Disparition forcée des frères du journaliste Ahmad Noorani après son enquête sur le népotisme du chef de l’armée au Pakistan : RSF demande leur libération immédiate

Le 19 mars à Islamabad, une vingtaine d’hommes armés ont enlevé les deux frères du journaliste en exil Ahmad Noorani, peu après la publication de son enquête sur le népotisme du chef de l’armée pakistanaise. Reporters sans frontières (RSF) dénonce ce qui apparaît comme des représailles odieuses et demande aux autorités de faire toute la lumière sur le sort des frères du journaliste et de garantir leur libération immédiate.
Le 19 mars à 1 heure du matin, une vingtaine d’hommes armés se présentant comme des policiers ont mené une descente dans la maison familiale à Islamabad du journaliste d’investigation pakistanais Ahmad Noorani, fondateur du site d’investigation Fact Focus, qui vit en exil aux États-Unis. Selon le journaliste, “tous étaient masqués et en tenue civile, à l'exception de trois ou quatre individus qui portaient des uniformes similaires à ceux des commandos de l'armée”. Ceux-ci ont confisqué tous les téléphones et supprimé les images prises par la famille, puis ont emmené de force les deux frères, ingénieurs, d’Ahmad Noorani dans un lieu inconnu. Leurs proches sont sans nouvelle d’eux depuis. Selon les informations de RSF, la police locale a nié être à l’origine de cet enlèvement.
La veille, Ahmad Noorani avait publié sur son site une enquête sur le chef d'état-major de l'armée, le général Asim Munir, révélant la nomination de certains de ses proches à des postes de haut niveau sans qualifications adéquates. La sœur du journaliste, également présente lors de l’enlèvement de ses frère, affirme que les ravisseurs lui ont déclaré “qu'ils devaient savoir pourquoi cela se produisait”.
“La disparition forcée des frères d’Ahmad Noorani, qui apparaît clairement comme un ciblage punitif dans le but d’intimider le journaliste et de le réduire au silence, est intolérable. Elle s’inscrit dans un contexte général de répression des voix critiques au Pakistan. RSF demande aux autorités de faire toute la lumière sur le sort des deux frères du journaliste, de garantir leur libération immédiate et de traduire en justice les responsables de cet acte odieux.
Ahmad Noorani affirme que les ravisseurs seraient des agents des services de renseignement.
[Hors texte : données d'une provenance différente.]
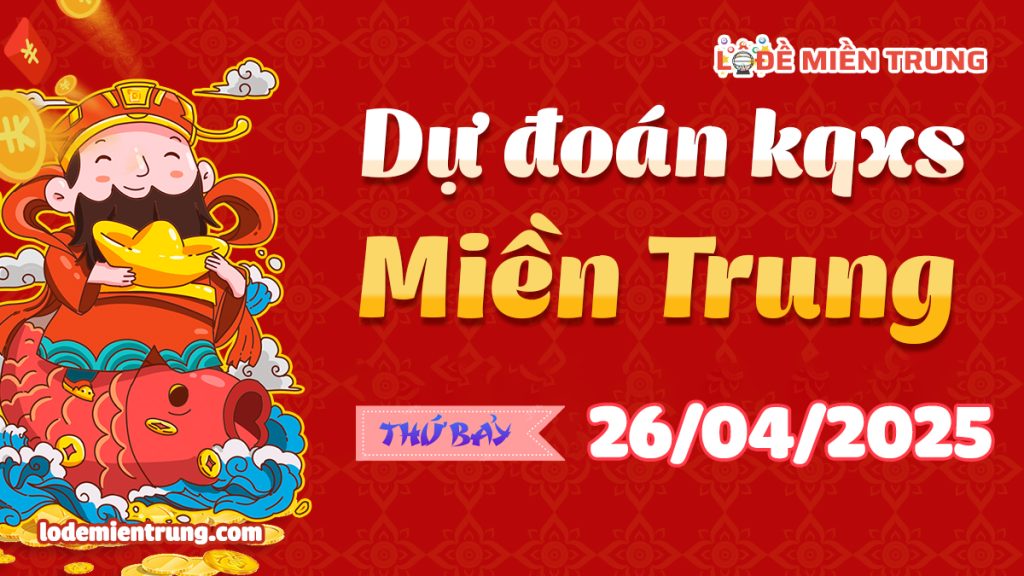 Soi Cầu – Chốt Số Lô Đề XSMT ngày 26-04-2025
L’avocate de la famille, Imaan Mazari, contactée par RSF, estime, elle aussi, que “le mode opératoire de cet enlèvement désigne les agences de renseignement comme étant les auteurs”.
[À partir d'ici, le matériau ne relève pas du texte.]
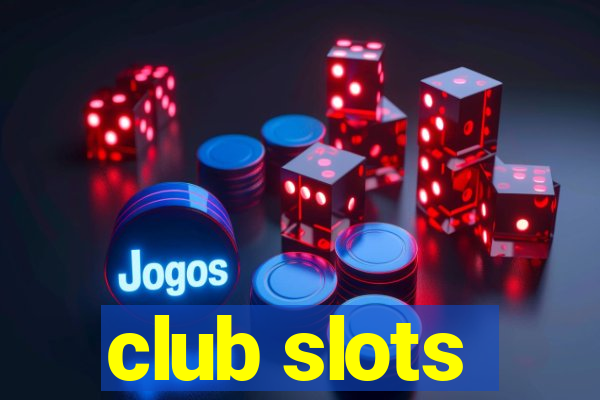 club slots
La mère du journaliste a déposé un recours auprès de la haute cour d'Islamabad, le 19 mars, pour obtenir la libération de ses deux fils. Son avocate dénonce des retards injustifiés dans la procédure : aucun premier procès-verbal n’a encore été enregistré trois jours après le dépôt de la plainte et la requête en habeas corpus – qui garantit à une personne arrêtée une présentation rapide devant un juge –, dont une première audience s’est tenue aujourd’hui, a été repoussée au 24 mars, dans l’attente d’une “réponse écrite de la police”.
Le journaliste Ahmad Noorani dans le viseur
En exil aux États-Unis depuis cinq ans, Ahmad Noorani a été visé à plusieurs reprises par des procédures judiciaires en raison de son activité journalistique. Récemment il a été ciblé par l’Agence fédérale d’investigation (FIA) le 13 mars, en vertu de la loi controversée sur la prévention des crimes électroniques (PECA), pour diffusion d'informations “fausses” et “trompeuses”, après ses tweets postés sur X au sujet de l’attaque d’un train au Baloutchistan. Par ailleurs, son site d’enquête Fact Focus, connu pour ses enquêtes sur la corruption de dignitaires de l’armée et d’hommes politiques, est bloqué par les autorités au Pakistan.